### Your assignment
What is needed here is an exact repetition of the records below, beginning at the line that has "plate of pancakes" and stopping after the line that has "Lamplighter Bench with".

### Dataset entries

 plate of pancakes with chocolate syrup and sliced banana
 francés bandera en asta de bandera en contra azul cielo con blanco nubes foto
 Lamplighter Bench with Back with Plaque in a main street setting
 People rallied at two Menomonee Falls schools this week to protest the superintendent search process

...

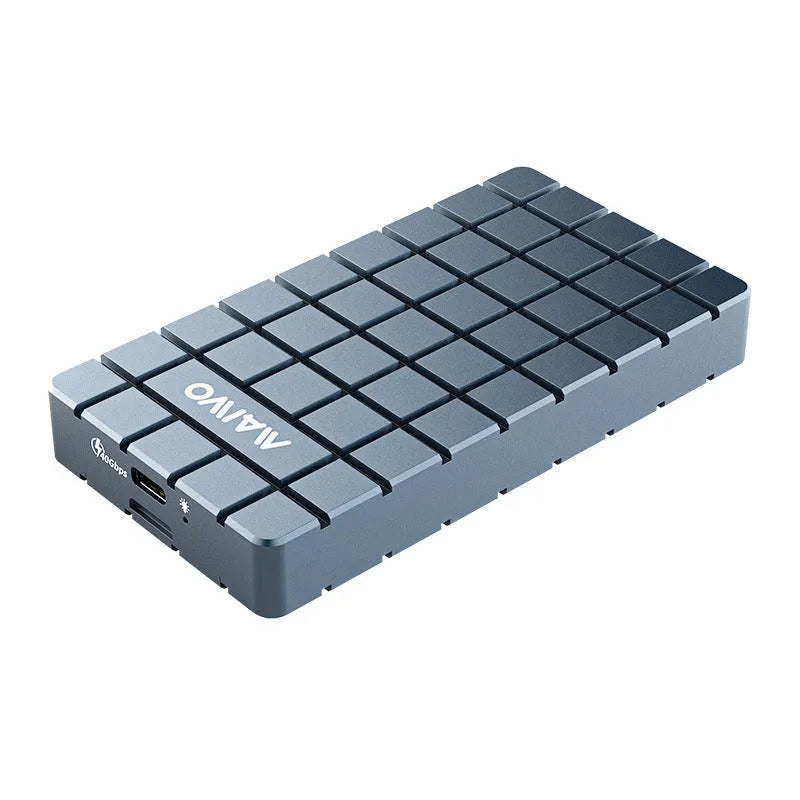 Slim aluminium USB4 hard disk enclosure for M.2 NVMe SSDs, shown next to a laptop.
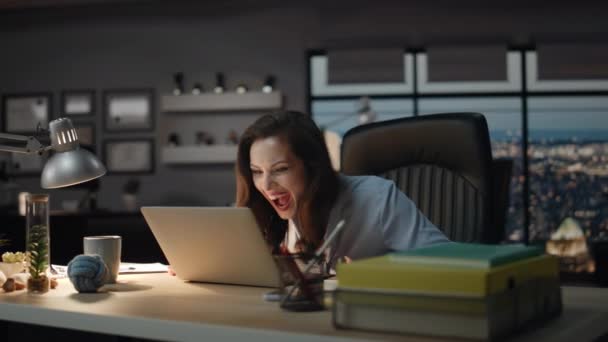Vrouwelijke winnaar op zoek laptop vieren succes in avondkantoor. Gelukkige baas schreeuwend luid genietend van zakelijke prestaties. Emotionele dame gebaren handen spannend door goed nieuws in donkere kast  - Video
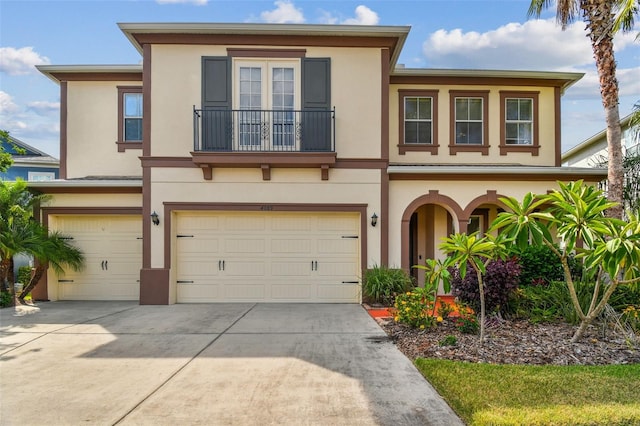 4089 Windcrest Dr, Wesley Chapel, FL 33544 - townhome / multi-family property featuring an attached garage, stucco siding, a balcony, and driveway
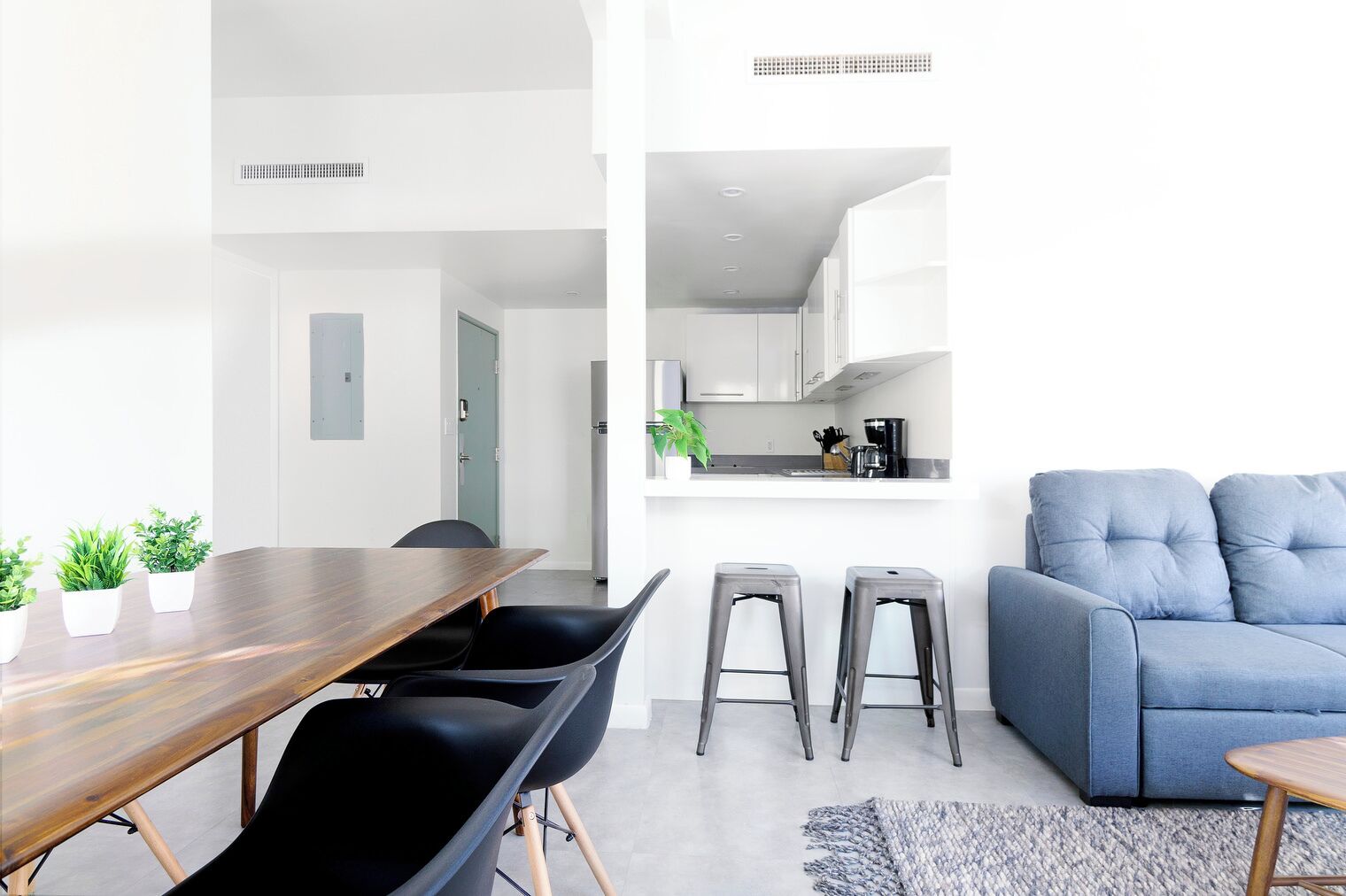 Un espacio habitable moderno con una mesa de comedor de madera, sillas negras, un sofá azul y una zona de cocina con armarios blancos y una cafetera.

### Exercise answer
 plate of pancakes with chocolate syrup and sliced banana
 francés bandera en asta de bandera en contra azul cielo con blanco nubes foto
 Lamplighter Bench with Back with Plaque in a main street setting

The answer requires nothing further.